WORK INSTRUCTION. Write out the data word for word, taking care that no picture is carried over.

DATA BELOW.
# # # # #
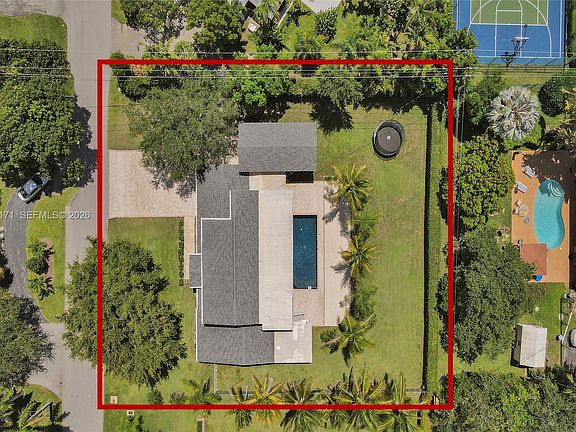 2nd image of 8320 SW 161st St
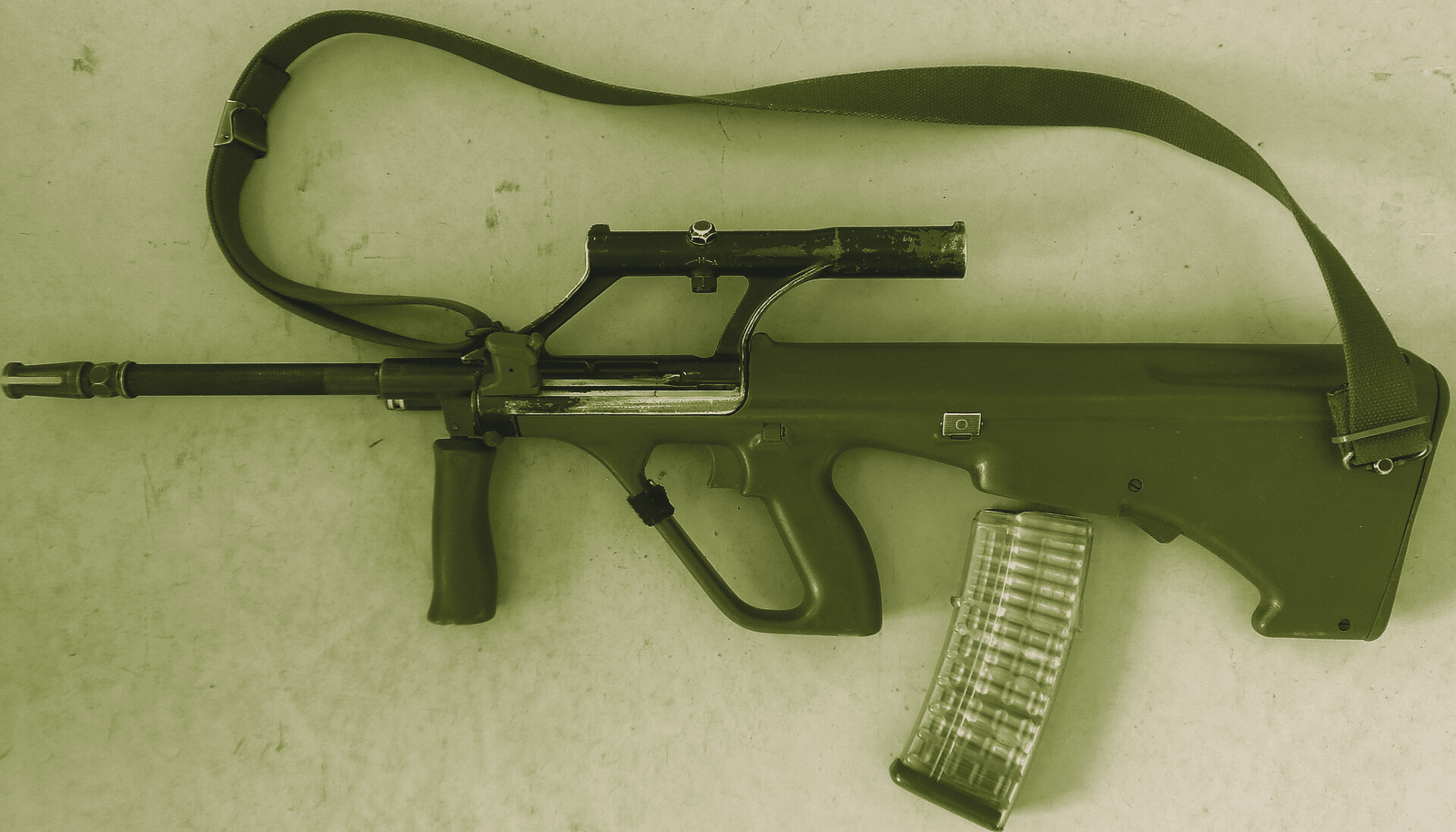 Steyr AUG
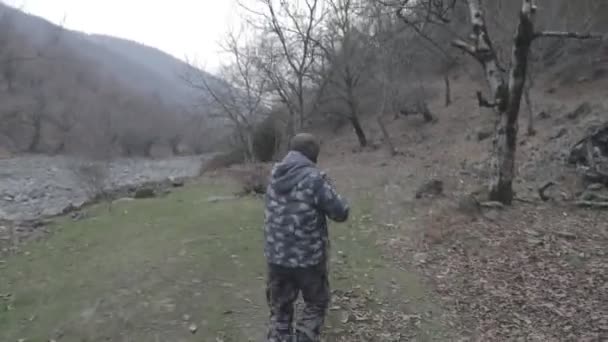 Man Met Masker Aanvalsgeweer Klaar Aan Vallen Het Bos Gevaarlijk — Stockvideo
# # # # #
RESPONSE AREA.
 2nd image of 8320 SW 161st St
 Steyr AUG
 Man Met Masker Aanvalsgeweer Klaar Aan Vallen Het Bos Gevaarlijk — Stockvideo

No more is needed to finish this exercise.